The American Literary Translators Association is pleased to announce the shortlists for the 2015 National Translation Awards in Poetry and Prose. This is the seventeenth year for the NTA, which is administered by the American Literary Translators Association (ALTA), and the first year to award separate prizes in poetry and prose. The NTA is the only national award for translated fiction, poetry, and literary nonfiction that includes a rigorous examination of the source text and its relation to the finished English work.

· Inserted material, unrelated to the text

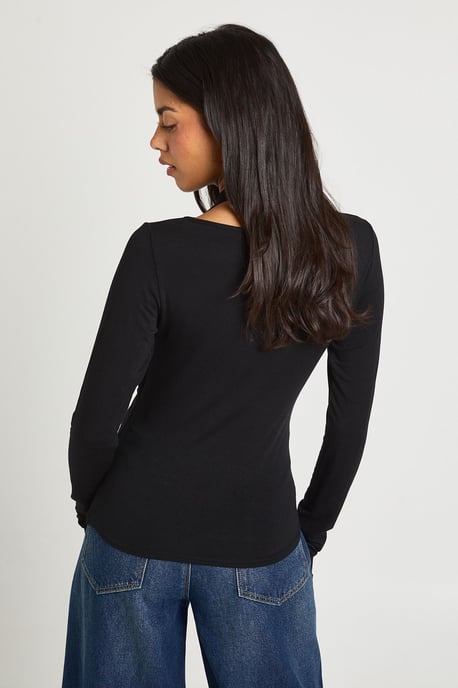 Halterneck Cowl Double Layer Long Sleeve Top - Image 2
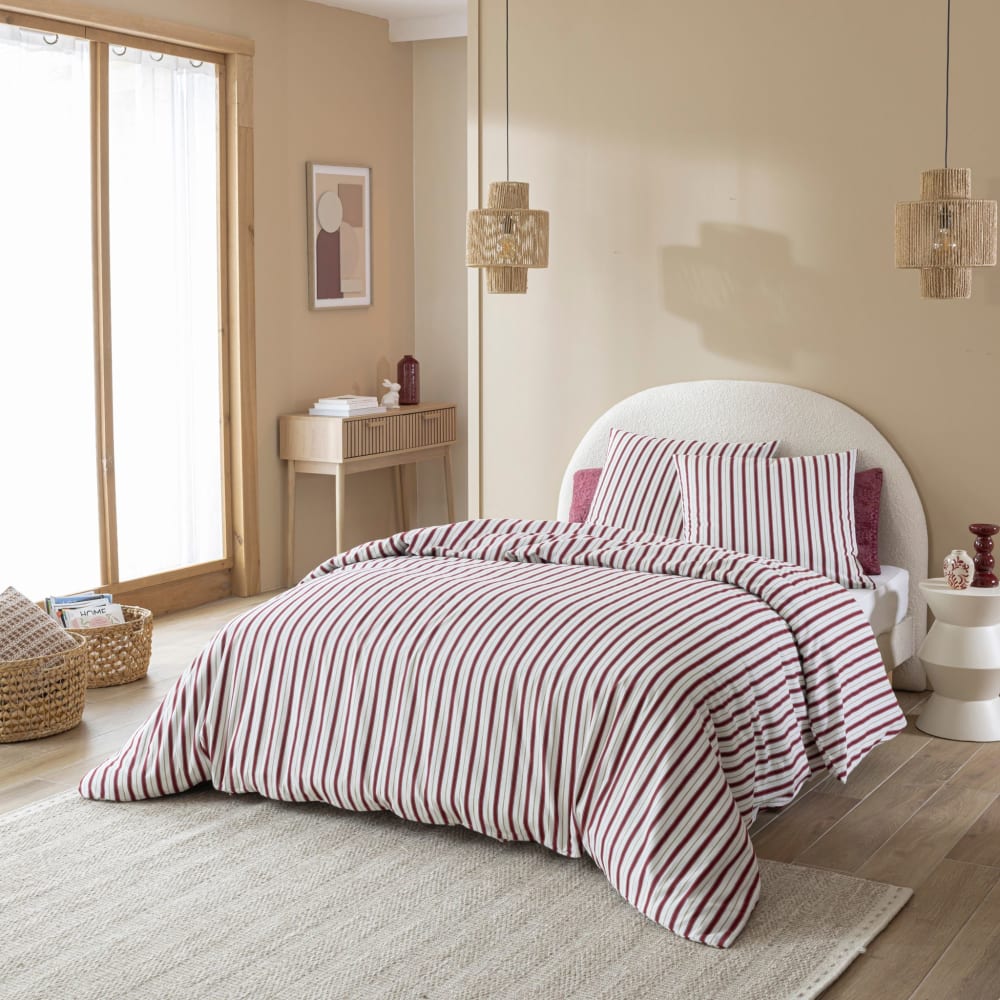 Parure de lit flanelle coton à rayures 240x220 cm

This year’s judges for poetry are Lisa Rose Bradford, Stephen Kessler, and Diana Thow. This year’s prose judges are Jason Grunebaum, Anne Magnan-Park, and Pamela Carmell. The selection criteria include both the quality of the finished English language book, and the quality of the translation. The winning translators will receive a $5,000 cash prize each, and the award will be announced at ALTA’s annual conference, held this year at the Marriott University Park in Tucson, AZ from Oct. 28-31, 2015. Follow our blog (www.literarytranslators.org/blog), on Twitter (@LitTranslate), or on Facebook (www.facebook.com/literarytranslation) for the announcement of the winners!
The 2015 NTA Shortlist in Poetry (in alphabetical order by author):
Breathturn into Timestead by Paul Celan (Romania)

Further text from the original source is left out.